Victorian architecture and interior décor came about in part as a result of the technological developments of the industrial revolution, which made decorative hardware and other accessories cheaper. This combined with a growing middle class that had more money to spend. The demand for ornate, decorative products spurred a slew of many different Victorian styles of decorative hardware that reflected the larger aesthetics of Victorian architecture and design.

Pre-Victorian Door Hardware in the U.S.

Queen Victoria's reign began in 1837 and lasted for 80 years. In the U.S., however, Victorian styles did not become predominant until the latter half of the 19th century. Before this, American decorative hardware tended to place a good deal of emphasis on artisanal, hand-crafted designs that were built with function in mind. Door hardware was thus elegant, but simple in its ornamental elements. The designs of handles, knobs and backplates were symmetrical. However, once the industrial revolution made ornate decorative hardware affordable, America adopted Victorian design enthusiastically. There had been highly ornate styles of hardware before, but now they were affordable, mass produced and combining several different elements of past ornate styles.

Victorian Door Hardware

Victorian style, both in architecture and interior design and decorative hardware, was basically an amalgamation of past ornate styles. Victorian style was in a way the first revival style, taking elements of Tudor, Neoclassical, Gothic, Elizabethan and Rococo styles, to name a few, in order to create a highly decorative aesthetic, unified by emphasis on orderly and ornate design that used up as much empty space as possible.
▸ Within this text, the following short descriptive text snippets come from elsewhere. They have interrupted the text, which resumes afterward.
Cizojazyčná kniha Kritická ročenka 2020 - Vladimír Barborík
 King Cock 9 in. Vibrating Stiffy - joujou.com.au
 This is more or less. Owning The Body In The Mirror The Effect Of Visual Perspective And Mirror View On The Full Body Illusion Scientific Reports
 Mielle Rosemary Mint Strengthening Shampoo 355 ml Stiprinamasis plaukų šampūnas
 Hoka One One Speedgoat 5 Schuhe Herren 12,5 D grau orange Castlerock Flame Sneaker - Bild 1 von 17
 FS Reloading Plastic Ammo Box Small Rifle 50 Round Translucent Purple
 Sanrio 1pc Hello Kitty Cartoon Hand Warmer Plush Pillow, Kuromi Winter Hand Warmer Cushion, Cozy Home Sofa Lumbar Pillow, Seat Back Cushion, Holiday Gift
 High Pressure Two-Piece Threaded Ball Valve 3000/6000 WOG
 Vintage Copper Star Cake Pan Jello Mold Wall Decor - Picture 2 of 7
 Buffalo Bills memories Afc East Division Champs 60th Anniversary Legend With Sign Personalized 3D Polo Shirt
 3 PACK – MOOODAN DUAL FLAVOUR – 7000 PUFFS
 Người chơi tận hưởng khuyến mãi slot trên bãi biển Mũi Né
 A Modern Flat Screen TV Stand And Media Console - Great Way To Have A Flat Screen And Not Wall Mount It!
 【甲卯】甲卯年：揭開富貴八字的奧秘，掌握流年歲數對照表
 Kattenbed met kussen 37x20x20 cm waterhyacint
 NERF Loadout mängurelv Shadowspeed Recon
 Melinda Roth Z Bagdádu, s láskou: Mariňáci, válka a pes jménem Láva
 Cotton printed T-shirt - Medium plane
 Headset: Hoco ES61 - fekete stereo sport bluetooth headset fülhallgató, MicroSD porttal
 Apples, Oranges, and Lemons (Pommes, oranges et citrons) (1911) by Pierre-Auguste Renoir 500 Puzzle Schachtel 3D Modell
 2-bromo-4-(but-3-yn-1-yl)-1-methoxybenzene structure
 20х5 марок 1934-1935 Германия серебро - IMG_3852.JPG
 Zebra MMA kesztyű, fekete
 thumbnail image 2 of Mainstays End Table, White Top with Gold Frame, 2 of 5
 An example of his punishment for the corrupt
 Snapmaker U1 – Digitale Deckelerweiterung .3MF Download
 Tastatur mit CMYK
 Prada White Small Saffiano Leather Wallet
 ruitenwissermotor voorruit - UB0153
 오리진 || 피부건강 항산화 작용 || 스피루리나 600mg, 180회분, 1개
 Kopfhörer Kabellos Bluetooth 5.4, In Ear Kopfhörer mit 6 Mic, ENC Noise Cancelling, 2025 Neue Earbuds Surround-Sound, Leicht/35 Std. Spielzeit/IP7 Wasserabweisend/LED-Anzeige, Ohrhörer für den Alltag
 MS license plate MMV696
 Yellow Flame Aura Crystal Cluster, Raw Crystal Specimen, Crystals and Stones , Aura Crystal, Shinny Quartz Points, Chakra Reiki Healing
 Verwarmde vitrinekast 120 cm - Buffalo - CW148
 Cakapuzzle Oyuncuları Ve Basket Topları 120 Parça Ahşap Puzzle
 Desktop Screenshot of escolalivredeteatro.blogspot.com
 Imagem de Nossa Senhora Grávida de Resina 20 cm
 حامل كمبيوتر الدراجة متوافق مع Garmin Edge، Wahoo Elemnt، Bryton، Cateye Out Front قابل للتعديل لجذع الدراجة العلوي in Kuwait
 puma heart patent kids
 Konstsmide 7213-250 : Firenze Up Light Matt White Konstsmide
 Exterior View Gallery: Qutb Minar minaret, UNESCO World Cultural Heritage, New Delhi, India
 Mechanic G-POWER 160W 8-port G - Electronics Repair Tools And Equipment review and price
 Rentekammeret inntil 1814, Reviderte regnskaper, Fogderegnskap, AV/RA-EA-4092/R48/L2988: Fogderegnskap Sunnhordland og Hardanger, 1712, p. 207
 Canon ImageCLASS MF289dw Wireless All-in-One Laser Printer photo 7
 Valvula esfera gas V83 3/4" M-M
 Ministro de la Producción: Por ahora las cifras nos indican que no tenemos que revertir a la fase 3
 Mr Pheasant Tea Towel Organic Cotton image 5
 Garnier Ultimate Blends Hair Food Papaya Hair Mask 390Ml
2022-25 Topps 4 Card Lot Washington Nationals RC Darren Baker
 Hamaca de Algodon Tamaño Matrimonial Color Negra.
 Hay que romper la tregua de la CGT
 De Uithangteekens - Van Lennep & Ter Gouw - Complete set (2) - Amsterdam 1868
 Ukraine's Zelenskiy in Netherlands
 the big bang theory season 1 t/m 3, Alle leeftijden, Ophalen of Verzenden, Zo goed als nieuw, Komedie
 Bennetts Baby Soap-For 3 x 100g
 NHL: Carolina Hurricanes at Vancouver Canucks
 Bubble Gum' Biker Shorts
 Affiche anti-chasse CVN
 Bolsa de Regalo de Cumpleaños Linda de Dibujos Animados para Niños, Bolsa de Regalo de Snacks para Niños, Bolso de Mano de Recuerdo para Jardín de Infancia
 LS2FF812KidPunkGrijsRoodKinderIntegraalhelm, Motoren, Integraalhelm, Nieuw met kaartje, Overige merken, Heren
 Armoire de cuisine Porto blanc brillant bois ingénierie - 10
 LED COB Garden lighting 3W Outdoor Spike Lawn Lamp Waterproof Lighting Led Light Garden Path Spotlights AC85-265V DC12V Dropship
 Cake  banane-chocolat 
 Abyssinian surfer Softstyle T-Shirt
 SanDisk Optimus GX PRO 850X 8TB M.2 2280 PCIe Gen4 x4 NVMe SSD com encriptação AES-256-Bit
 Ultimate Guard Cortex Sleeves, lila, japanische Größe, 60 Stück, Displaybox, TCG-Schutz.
If you look at European door hardware, especially English and decorative French hardware, you can see all of the ideals at work. The way a Victorian door handle and backpanel are designed will, in other words, give you a fair idea as to what the main concerns of the designer were. Elegant lines and flowery designs were admired, and leaving empty spaces in a room and in a design in general was considered poor taste. Homeowners, when decorating a room, were expected to fill all the empty spaces with some kind of object that reflected their interests, wealth, and experience. Victorian door hardware likewise has minimal empty spaces and uses multiple materials for decoration.